DATA:
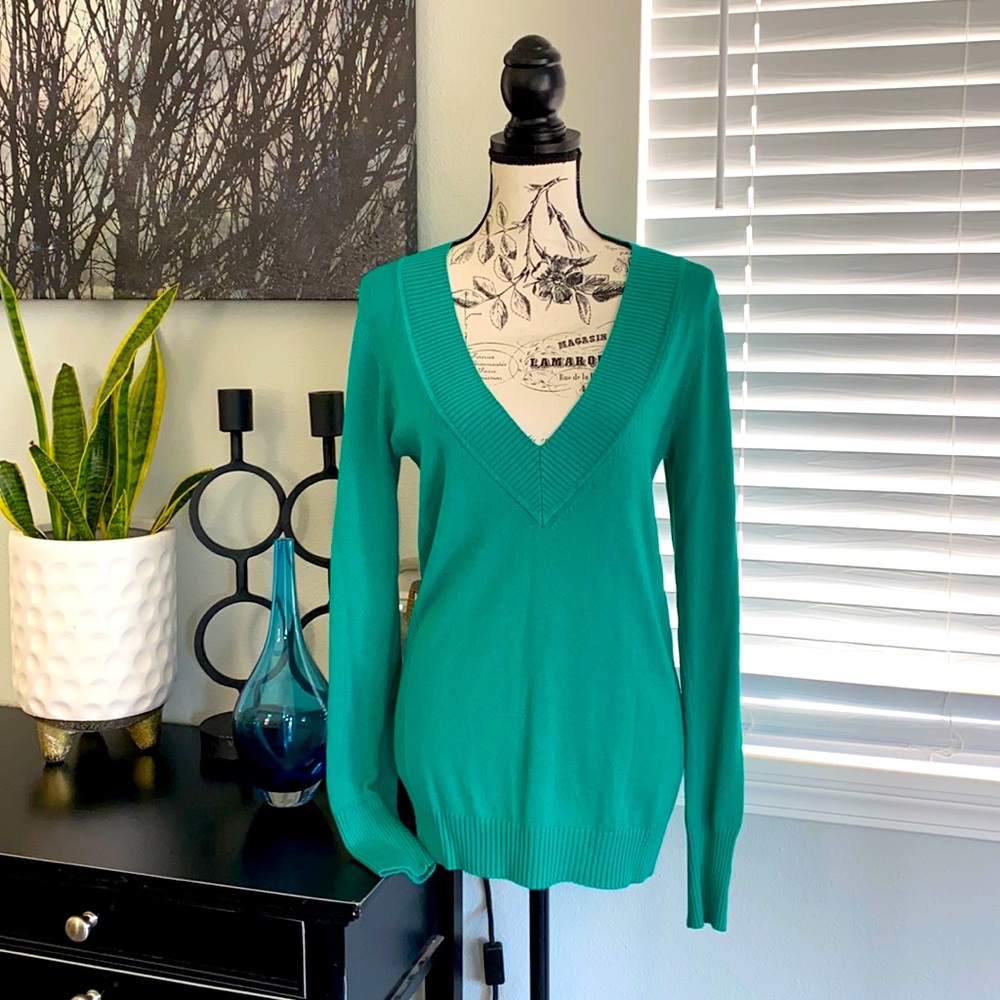 EXPRESS DESIGN STUDIO Green V-Neck Sweater L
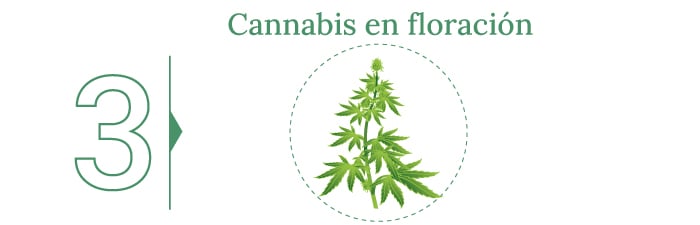 ¿Cuándo cortar tu marihuana?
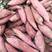 【热卖红薯】西瓜红开封红薯产地直发全国市场量大从优电联订购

WORK TO BE COMPLETED:
All of the data above needs to be retyped exactly, with the pictures removed.

REPLY:
 EXPRESS DESIGN STUDIO Green V-Neck Sweater L
 ¿Cuándo cortar tu marihuana?
 【热卖红薯】西瓜红开封红薯产地直发全国市场量大从优电联订购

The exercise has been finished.